Indonesia lifts tsunami alert after powerful earthquake rattles residents

A tsunami alert has been lifted by Indonesian authorities following a magnitude 7.3 earthquake that struck off Flores Island.

People wait outside their house following an earthquake in Maumere, Indonesia.

People wait outside their homes following an earthquake in Maumere, Indonesia. Source: AP

A powerful 7.3-magnitude earthquake struck eastern Indonesia on Tuesday triggering a tsunami warning and sending residents fleeing from their homes.

But the quake caused only minor damage and injured one person, authorities said.

The tsunami warning was lifted about two hours after the quake struck at 0320 GMT in the Flores Sea, about 112 kilometres north of the town of Maumere, in the eastern part of Flores island.
"Everyone ran out into the street," Agustinus Florianus, a resident of Maumere town on Flores, told Reuters. Maumere was badly damaged by a quake of a similar magnitude in 1992.

"It felt like a wave, up and down," Zacharias Gentana Keranz, a resident of Larantuka told Reuters.

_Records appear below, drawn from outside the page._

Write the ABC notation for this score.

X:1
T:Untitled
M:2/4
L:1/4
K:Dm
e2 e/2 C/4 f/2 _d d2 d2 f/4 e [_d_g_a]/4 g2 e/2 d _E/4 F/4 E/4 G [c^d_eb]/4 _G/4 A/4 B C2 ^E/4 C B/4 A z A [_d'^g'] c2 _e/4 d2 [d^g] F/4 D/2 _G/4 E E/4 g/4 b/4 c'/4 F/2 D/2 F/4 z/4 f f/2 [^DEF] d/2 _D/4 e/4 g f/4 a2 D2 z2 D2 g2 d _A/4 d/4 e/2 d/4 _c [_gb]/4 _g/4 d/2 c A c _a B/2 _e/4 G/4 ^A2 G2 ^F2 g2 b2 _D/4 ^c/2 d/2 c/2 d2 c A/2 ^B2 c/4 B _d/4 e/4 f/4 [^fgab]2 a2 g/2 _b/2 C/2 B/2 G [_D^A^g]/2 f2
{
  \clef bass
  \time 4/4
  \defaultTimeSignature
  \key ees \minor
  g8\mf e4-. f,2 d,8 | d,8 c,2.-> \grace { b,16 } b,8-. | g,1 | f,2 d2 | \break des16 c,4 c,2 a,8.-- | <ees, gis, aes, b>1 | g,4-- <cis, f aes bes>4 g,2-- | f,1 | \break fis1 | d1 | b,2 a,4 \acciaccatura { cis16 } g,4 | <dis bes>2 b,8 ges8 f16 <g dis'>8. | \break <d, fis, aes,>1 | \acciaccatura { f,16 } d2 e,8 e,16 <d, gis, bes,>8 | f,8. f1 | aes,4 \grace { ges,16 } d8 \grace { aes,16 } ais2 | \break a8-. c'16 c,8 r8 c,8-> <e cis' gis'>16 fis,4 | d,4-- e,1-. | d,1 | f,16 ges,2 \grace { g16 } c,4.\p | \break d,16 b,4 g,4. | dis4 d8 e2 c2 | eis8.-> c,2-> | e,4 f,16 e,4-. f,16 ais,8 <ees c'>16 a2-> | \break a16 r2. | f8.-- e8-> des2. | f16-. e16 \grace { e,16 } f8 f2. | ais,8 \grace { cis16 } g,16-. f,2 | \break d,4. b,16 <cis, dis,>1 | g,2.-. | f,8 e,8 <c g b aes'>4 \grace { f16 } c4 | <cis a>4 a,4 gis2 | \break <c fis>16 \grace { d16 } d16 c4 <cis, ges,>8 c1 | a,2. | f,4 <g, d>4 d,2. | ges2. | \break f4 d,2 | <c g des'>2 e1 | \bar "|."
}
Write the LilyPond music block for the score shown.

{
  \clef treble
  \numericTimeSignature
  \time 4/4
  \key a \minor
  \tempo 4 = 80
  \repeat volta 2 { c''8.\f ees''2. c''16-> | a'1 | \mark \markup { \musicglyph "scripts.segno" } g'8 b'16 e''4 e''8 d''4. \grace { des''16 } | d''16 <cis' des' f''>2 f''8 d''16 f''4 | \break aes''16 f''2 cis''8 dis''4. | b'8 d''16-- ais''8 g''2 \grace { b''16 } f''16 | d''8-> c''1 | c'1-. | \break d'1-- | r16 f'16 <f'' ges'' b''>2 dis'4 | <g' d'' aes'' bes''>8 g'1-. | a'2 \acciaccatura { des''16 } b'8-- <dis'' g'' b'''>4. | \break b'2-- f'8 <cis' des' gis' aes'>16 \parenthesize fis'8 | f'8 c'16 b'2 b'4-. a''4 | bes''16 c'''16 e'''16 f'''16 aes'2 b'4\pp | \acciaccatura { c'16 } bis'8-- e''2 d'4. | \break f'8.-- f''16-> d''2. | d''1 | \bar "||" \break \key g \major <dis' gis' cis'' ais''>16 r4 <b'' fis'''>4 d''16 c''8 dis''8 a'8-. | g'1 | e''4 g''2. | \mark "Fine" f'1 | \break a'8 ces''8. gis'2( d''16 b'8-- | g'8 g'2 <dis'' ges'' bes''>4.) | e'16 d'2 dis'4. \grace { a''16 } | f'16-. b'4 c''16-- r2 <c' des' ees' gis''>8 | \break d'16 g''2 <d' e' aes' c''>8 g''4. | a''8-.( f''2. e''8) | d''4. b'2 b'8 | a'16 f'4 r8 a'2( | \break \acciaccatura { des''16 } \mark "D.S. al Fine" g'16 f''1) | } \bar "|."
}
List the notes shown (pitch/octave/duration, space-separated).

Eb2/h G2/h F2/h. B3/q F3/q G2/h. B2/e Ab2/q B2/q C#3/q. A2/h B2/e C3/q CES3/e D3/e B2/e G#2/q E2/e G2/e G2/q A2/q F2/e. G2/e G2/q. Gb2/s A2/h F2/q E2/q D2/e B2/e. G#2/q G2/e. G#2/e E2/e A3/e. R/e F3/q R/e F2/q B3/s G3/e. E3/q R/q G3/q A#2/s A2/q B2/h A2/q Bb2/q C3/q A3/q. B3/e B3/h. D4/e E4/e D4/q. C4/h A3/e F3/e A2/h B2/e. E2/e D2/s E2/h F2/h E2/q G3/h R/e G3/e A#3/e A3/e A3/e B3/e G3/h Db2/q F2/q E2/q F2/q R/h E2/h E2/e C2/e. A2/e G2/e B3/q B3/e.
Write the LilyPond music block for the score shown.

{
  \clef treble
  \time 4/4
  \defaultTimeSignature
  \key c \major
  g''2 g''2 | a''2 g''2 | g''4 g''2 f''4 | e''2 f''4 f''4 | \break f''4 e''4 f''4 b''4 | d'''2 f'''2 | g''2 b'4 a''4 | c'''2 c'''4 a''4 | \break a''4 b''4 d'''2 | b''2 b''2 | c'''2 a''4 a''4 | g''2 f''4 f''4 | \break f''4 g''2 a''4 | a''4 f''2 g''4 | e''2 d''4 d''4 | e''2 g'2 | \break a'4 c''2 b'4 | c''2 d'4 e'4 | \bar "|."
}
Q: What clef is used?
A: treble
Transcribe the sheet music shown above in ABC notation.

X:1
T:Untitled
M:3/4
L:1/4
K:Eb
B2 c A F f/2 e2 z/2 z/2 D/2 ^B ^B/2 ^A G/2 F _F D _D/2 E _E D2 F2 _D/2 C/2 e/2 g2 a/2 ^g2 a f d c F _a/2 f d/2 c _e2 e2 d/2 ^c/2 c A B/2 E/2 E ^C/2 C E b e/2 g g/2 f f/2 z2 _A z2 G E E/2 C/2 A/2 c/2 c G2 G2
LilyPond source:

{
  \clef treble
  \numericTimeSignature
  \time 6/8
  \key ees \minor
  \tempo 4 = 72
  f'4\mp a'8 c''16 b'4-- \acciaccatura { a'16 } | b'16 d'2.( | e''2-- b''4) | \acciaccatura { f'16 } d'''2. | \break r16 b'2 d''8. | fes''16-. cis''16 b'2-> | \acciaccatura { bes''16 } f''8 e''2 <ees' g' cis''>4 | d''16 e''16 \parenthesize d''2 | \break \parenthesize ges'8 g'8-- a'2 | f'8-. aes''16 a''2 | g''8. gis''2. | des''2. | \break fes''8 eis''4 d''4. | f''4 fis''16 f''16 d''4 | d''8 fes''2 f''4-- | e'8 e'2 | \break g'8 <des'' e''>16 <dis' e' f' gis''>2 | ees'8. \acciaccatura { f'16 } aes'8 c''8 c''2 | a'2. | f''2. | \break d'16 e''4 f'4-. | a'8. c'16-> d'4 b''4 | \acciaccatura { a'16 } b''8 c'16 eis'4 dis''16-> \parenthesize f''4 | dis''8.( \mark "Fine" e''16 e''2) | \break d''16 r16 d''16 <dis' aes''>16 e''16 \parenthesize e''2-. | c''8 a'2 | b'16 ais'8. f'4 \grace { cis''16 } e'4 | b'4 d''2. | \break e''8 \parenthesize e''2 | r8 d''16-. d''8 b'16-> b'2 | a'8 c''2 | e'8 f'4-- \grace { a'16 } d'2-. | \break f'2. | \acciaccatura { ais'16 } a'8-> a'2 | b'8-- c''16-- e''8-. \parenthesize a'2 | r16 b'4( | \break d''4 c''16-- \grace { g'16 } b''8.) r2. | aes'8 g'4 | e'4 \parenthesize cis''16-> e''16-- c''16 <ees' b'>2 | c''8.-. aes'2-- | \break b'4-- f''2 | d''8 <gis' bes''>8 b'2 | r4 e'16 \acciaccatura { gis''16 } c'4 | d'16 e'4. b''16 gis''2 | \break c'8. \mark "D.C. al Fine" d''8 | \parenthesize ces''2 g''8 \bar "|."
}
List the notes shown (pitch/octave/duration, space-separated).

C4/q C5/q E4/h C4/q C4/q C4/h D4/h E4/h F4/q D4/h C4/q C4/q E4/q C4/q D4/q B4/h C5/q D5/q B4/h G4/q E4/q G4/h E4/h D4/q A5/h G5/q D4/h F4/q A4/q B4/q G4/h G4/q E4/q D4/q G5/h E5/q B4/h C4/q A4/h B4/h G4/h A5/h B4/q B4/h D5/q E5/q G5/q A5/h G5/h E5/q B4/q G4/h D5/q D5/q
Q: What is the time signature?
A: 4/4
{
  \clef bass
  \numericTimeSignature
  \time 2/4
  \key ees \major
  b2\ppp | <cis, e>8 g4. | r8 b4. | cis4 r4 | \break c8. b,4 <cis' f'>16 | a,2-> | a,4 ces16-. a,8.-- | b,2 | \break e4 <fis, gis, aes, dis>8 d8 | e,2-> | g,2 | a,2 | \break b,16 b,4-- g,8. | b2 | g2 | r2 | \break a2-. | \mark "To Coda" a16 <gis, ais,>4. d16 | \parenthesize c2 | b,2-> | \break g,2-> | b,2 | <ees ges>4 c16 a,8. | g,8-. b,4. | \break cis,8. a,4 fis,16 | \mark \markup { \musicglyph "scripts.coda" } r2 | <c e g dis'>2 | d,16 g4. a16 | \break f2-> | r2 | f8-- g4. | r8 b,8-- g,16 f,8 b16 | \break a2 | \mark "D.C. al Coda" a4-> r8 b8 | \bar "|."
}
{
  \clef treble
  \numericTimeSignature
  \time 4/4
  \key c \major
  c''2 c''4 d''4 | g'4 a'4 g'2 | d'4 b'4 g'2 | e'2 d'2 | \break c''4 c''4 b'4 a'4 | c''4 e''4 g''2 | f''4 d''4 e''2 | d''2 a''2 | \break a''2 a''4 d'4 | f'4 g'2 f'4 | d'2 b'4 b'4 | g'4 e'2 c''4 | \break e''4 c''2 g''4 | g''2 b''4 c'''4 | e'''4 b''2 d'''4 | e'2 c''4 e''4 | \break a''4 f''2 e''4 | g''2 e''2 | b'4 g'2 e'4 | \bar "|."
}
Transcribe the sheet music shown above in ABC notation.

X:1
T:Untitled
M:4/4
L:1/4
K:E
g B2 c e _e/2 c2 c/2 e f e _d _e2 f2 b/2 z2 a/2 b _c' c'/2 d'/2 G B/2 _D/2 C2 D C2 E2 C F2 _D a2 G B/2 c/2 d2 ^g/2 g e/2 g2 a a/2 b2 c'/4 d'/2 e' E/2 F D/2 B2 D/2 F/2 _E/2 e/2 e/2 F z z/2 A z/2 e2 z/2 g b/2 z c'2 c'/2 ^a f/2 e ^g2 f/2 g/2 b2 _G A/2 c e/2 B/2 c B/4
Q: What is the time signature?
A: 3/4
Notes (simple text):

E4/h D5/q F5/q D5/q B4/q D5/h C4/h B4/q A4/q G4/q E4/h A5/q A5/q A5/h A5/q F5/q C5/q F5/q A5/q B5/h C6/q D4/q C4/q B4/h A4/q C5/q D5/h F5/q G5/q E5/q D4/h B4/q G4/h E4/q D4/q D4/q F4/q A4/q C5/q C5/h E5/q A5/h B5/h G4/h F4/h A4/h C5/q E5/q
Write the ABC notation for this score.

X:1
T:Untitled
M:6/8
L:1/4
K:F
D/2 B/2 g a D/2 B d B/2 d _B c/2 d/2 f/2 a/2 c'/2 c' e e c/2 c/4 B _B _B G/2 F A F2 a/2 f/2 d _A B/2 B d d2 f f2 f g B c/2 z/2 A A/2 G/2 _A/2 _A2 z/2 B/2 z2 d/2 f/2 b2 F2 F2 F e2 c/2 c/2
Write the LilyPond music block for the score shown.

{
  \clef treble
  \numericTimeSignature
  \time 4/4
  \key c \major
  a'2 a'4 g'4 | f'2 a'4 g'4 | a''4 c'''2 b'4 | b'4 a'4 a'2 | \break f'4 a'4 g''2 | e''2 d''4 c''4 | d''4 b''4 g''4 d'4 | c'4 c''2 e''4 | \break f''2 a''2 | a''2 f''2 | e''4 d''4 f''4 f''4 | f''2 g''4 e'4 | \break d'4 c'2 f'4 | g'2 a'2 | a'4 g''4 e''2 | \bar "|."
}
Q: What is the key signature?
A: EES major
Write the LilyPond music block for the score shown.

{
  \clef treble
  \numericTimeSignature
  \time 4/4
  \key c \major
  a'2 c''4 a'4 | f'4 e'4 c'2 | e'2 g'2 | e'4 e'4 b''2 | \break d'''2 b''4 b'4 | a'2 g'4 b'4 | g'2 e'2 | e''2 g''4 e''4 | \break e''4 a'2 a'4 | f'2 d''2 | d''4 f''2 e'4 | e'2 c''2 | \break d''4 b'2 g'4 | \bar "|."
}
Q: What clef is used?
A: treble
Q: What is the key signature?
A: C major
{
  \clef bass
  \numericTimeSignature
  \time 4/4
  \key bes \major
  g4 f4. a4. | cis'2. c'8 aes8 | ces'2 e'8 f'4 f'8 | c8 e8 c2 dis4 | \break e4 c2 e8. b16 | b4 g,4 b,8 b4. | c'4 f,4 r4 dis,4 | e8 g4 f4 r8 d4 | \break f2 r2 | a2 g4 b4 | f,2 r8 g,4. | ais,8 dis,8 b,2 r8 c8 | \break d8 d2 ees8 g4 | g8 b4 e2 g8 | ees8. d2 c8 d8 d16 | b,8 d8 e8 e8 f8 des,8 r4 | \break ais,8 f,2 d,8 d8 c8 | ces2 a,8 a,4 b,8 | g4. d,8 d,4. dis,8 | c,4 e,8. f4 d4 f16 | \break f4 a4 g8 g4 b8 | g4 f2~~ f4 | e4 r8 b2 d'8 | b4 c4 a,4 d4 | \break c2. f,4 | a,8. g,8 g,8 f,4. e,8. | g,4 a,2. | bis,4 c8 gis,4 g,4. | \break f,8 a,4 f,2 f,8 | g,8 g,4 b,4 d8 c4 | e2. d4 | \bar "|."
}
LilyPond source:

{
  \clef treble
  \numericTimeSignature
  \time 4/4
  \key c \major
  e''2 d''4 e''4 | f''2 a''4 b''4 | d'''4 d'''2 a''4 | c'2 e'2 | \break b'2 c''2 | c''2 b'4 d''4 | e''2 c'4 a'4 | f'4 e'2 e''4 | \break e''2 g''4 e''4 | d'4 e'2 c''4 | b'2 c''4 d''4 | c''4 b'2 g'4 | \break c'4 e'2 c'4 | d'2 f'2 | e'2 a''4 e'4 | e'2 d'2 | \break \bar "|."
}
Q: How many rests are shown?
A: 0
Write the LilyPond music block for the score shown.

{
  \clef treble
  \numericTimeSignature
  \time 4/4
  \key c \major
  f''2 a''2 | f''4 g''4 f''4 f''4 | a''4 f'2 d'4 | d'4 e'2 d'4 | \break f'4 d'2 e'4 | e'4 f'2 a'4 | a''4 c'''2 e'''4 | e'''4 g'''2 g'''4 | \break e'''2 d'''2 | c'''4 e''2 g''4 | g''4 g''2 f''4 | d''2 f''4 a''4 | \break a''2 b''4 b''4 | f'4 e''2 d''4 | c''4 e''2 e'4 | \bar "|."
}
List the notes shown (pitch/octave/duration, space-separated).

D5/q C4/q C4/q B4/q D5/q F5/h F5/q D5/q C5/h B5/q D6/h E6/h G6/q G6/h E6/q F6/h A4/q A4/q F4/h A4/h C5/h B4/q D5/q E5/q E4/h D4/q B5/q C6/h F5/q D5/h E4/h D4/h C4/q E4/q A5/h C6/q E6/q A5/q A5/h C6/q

The disaster mitigation agency said one person was injured in Manggarai, on Flores, and a school building and several homes were damaged on Selayar island, in South Sulawesi.

The quake, from an active fault in the Flores Sea, was followed by at least 15 aftershocks with the biggest registering magnitude 5.6, the meteorological agency said.

But the quake caused no significant increase in sea levels.
Indonesia experiences frequent quakes and volcanic eruptions due to its position on the Pacific "Ring of Fire", an arc of intense seismic activity where tectonic plates collide that stretches from Japan through Southeast Asia and across the Pacific basin.

Among Indonesia's string of deadly quakes was a devastating 2004 9.1-magnitude tremor that struck off the coast of Sumatra and triggered a tsunami that killed 220,000 throughout the region, including about 170,000 in Indonesia.

The Boxing Day disaster was one of the deadliest natural disasters in recorded history.

In 2018, a powerful quake shook the island of Lombok and several more tremors followed over the next couple of weeks, killing more than 550 people on the holiday island and neighbouring Sumbawa.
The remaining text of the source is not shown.